Wherever a line in the material contains the word "with", copy that line.

Data extracts START

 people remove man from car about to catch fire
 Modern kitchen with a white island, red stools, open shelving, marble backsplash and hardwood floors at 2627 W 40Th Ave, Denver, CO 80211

Data extracts END
Data extracts START

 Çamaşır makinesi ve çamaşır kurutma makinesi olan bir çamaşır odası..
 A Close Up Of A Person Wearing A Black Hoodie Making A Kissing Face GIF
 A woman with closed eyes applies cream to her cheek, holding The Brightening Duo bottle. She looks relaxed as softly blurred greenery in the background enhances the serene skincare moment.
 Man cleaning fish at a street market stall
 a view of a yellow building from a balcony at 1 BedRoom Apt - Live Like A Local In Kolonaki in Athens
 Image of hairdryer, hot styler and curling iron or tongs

Data extracts END
Data extracts START

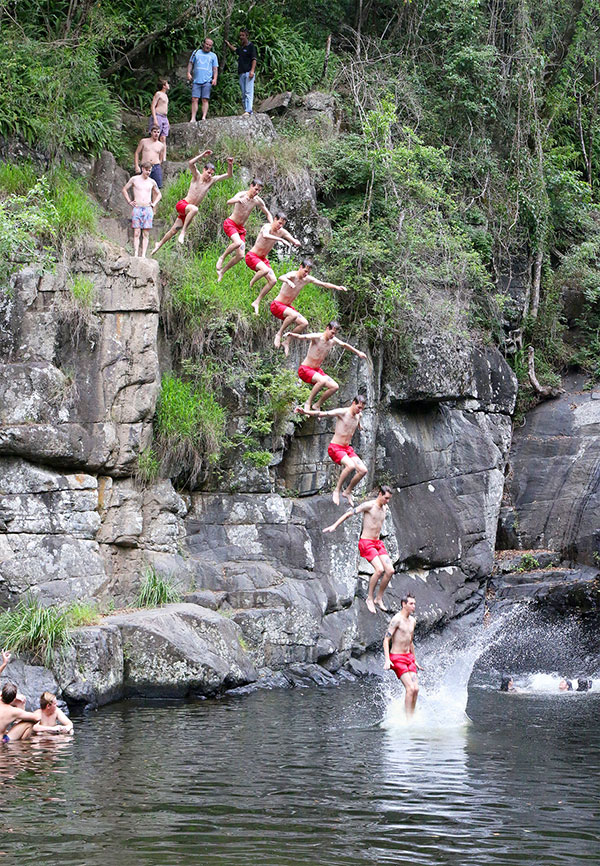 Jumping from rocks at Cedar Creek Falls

Data extracts END

• [Response area]
 Modern kitchen with a white island, red stools, open shelving, marble backsplash and hardwood floors at 2627 W 40Th Ave, Denver, CO 80211
 A woman with closed eyes applies cream to her cheek, holding The Brightening Duo bottle. She looks relaxed as softly blurred greenery in the background enhances the serene skincare moment.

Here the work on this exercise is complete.